Bragantino kembali setelah jeda dengan Praxedes lebih dalam, dan dengan tim kembali ke kebiasaannya 4-3-3, Artur mulai muncul. Tetapi tim mengalami sore yang membuat frustrasi di bawah sinar matahari akhir musim semi. Mereka berjuang untuk menemukan ritme apapun, terhalang, mungkin, oleh kurangnya pengalaman pertandingan besar mereka sendiri dan oleh sifat stop-start babak kedua, sering terganggu oleh cedera dan pergantian pemain. Penjaga gawang Athletico Santos menjalani pertandingan yang sangat nyaman.
Saat kedudukan 0-0, dia terganggu oleh upaya Cuello untuk mencetak gol langsung dari sepak pojok — dan ketika dia mendorong bola keluar, tendangan melengkung lainnya melebar dari tiang jauh. Itu adalah yang paling dekat dengan Bragantino, dan dengan konten Athletico untuk bertahan lebih dalam, satu-satunya momen bahaya datang dari lebih banyak tendangan sudut — dengan bek tengah Leo Ortiz dan pemain pengganti Leandrinho melebar dari tiang dekat.
Pada akhirnya Bragantino bahkan mengirim kiper Cleiton ke sudut – tidak berhasil, dengan Athletico menghitung mundur waktu dan menunggu perayaan dimulai. Jika pertandingan itu bukan tontonan yang bagus, itu pasti akan bertahan lama dalam ingatan para penggemar Athletico, atas kemenangan dan tujuan indah yang dicapainya. Sayang sekali, ada begitu sedikit penggemar di stadion untuk melihatnya.

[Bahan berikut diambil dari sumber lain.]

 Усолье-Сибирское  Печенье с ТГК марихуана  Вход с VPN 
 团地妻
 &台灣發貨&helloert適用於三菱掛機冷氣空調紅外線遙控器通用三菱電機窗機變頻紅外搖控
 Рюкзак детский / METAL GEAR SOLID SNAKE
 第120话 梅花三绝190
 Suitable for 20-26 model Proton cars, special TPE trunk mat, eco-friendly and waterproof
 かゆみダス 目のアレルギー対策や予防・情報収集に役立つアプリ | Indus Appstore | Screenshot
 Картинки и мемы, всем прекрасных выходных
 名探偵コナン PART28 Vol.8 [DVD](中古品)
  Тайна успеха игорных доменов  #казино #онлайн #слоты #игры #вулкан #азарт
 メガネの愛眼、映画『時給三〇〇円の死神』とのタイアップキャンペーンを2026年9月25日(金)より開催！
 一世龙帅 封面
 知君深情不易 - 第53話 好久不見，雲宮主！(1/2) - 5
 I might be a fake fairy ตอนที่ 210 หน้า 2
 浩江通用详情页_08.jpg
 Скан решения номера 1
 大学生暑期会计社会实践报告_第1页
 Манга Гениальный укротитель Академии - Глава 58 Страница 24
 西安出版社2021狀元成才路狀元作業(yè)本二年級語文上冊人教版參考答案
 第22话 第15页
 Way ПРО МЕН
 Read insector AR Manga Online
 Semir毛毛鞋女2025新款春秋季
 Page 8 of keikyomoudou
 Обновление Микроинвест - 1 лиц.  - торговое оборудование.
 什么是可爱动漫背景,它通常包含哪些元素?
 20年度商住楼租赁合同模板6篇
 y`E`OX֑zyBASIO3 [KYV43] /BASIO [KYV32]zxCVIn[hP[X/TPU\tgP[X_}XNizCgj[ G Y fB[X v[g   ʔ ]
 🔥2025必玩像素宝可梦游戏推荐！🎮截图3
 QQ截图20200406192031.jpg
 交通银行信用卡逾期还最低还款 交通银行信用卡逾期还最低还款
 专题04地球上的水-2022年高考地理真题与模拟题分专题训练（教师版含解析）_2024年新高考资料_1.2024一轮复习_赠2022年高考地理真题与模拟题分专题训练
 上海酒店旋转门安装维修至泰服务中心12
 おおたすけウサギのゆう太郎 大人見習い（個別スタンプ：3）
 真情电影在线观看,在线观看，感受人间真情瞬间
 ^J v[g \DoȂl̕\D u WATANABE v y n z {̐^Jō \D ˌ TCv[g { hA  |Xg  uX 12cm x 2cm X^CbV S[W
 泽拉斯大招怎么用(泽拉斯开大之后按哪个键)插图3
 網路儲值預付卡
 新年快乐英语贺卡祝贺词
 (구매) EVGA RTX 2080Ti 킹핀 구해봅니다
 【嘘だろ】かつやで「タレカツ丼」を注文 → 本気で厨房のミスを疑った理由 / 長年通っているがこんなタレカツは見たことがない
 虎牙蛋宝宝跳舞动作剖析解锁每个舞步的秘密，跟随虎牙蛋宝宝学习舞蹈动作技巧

Ada pro dan kontra terhadap gagasan menggelar final satu kali di tempat netral. Tidak dapat disangkal lebih dramatis daripada urusan kandang dan tandang, seringkali kualitas permainan lebih baik dan ada keuntungan pemasaran. Tapi sisi negatifnya terlihat jelas kali ini. Perjalanan melintasi Amerika Selatan masih belum pulih dari pandemi, mendorong harga penerbangan ke Uruguay – dan hotel di Montevideo. Dalam konteks ini, sangat tidak bijaksana untuk menetapkan harga tiket termurah seharga $100 USD — sebuah keberuntungan kecil bagi publik Brasil.
Akibatnya stadion Centenario tua yang terkenal itu bahkan tidak penuh sepertiga, yang untuk acara pameran sangat mengecewakan. Athletico mengambil lebih banyak penggemar daripada Bragantino, tetapi tidak ada yang seperti Palmeiras dan Flamengo, raksasa Brasil yang Sabtu depan akan memperdebatkan acara utama, final Copa Libertadores.
Kemudian stadion mungkin akan penuh sesak — tetapi harga pengalaman yang keterlaluan akan berarti bahwa orang-orang di Centenario tidak akan mewakili rata-rata pendukung. Ini adalah pertanyaan yang membutuhkan pemikiran serius. Jika Amerika Selatan akan melanjutkan dengan final venus netral, maka harga tiket pasti harus lebih murah, dan langkah-langkah harus diambil untuk menegosiasikan harga yang lebih murah untuk penerbangan dan hotel.
Namun, untuk saat ini, Athletico Paranaense tidak perlu memikirkan hal ini — dan bukan hanya karena mereka sibuk merayakannya. Mereka memiliki prioritas langsung yang kontras – final dua leg Piala Brasil, sementara juga berusaha untuk menghindari terseret ke dalam pertarungan degradasi dalam beberapa minggu terakhir musim liga.